Profiter d’une période sans emploi pour concrétiser un projet entrepreneurial, le tout sans perdre le filet de sécurité que sont les allocations de chômage ou du CPAS, c’est le coup de pouce offert par les coopératives d’activité. Ces structures, aujourd’hui au nombre de 4 en Région bruxelloise (dont 3 sont chapeautées par une ASBL de soutien créée en 2006, JobYourself) proposent aux chercheurs d’emploi au chômage depuis plus de 6 mois un suivi de 18 mois durant lesquels ils reçoivent un coaching personnalisé, en plus d’un accompagnement préparatoire au lancement de leur projet. Le candidat-entrepreneur profite d’une série d’outils et de services, comme du numéro de TVA de la coopérative ou de son service de comptabilité. Les bénéfices de son activité restent bloqués au sein de la coopérative jusqu’à ce qu’il se lance réellement au bout de la phase de test, mais l’entrepreneur continue de percevoir ses allocations durant toute la période. En cas d’échec du projet, un accompagnement vers le retour à l’emploi est également prévu.

"Au chômage, ils ne comprennent pas que l’on veuille se lancer comme indépendant."
Lucie Hage
Auto-entrepreneure

"C’est le summum de l’économie sociale", se targue Jean-Olivier Collinet, administrateur délégué de JobYourself, qui soutient que l’accompagnement vers l’emploi peut aussi être synonyme de création richesse. Il en tient pour preuve les 2,5 millions de chiffre d’affaires réalisés en 2016 par les projets soutenus par l’ASBL. En 2010, celui-ci pesait près de 5 fois moins. De même, on comptait l’année dernière 125 sorties positives (débouchant soit sur un retour à l’emploi salarié en cas d’échec du projet, soit sur une réelle création d’entreprise), contre 52 en 2010.

Stabilité et soutien

Encadrée par JobYourself, Lucie Hage a lancé il y a 4 mois Little Panama, une ligne de vêtements pour enfants qu’elle vend via son site internet. C’est après avoir entendu parler de l’ASBL par une connaissance qu’elle décide d’y présenter son projet. Une vraie bouffée d’air frais, à l’écouter: "Au chômage, ils ne comprennent pas que l’on veuille se lancer comme indépendant, qu’on fasse plusieurs choses à la fois. Ils sont très carrés, très secs, très durs…"

Un tel projet implique cependant de pouvoir faire preuve de souplesse d’un point de vue financier: il faut en effet pouvoir composer avec le revenu de ses allocations durant un an et demi, complété par un avantage équivalent à 2 euros par heure de travail prestée. Pas simple, mais la sécurité et le soutien reçus en échange compensent: "Quand on est dans une couveuse comme ça, on est dans une bulle de bienveillance. Le chômage ne peut plus nous mettre sous pression, et c’est quand même un énorme bienfait. Je pense que sans ça, j’aurais abandonné," affirme la jeune entrepreneure.

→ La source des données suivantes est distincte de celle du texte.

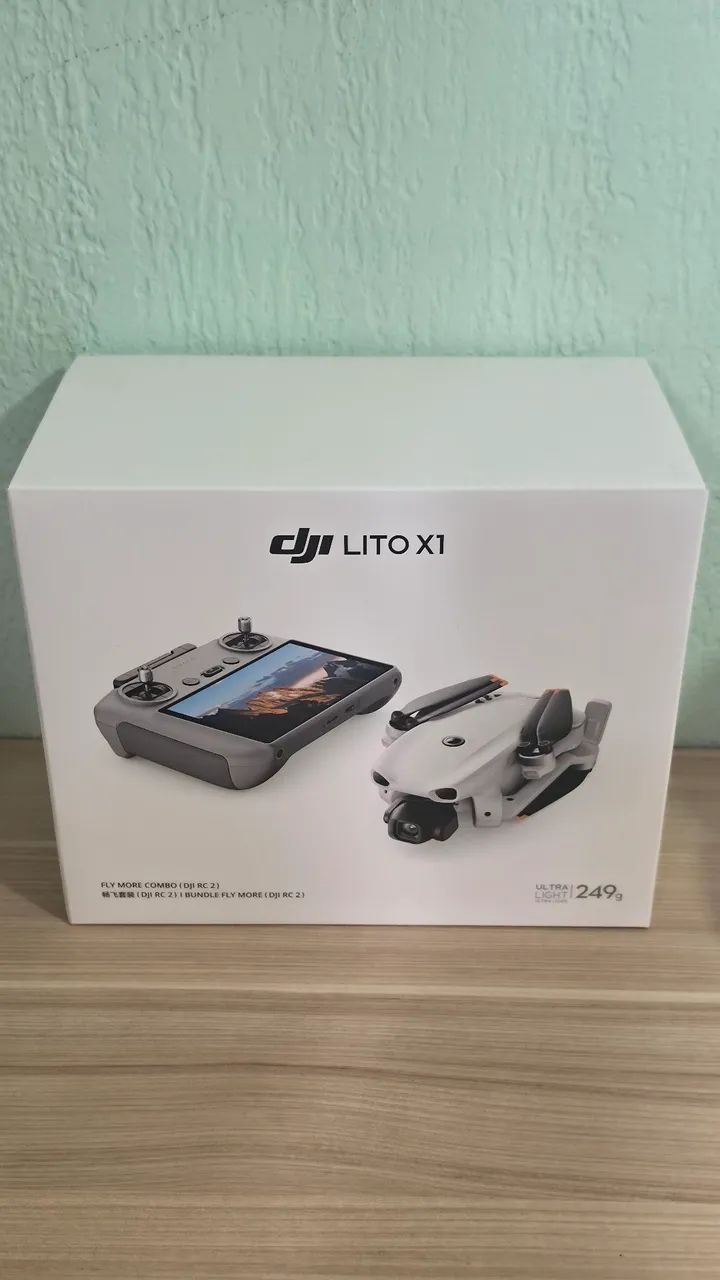 DRONE DJI LITO X1 COMBO FLY COM TELA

L’intérêt des coopératives d’activité dans la lutte contre le chômage de longue durée n’a pas échappé au ministre bruxellois de l’Emploi Didier Gosuin (DéFI), même si celui-ci reconnaît qu’elles s’adressent surtout à une niche particulière de chercheurs d’emploi.

Ce jeudi, un arrêté devant ancrer structurellement les coopératives d’activité dans le paysage de la Région doit en effet passer devant le conseil des ministres. Subsidiées de manière facultative jusqu’à présent, les coopératives devraient, grâce à ce texte, jouir dès 2018 d’un financement organique, comme cela est prévu dans une ordonnance datant de la législature précédente, mais toujours ineffective à ce jour. La Région pourra alors fixer des objectifs pour ces structures. Les deux coopératives d’activité généralistes que compte la capitale (Bruxelles Emergences et DEBUuT) devront également fusionner dans un souci de rationalisation.

Un gage de pérennité qui devrait aider les coopératives à s’attaquer à de nouveaux défis. Elles manquent en effet encore de visibilité, et peinent un peu à s’ouvrir à un public plus diversifié, note Jean-Olivier Collinet, qui aimerait également que l’on débloque l’accès au programme pour les chômeurs de moins de 6 mois.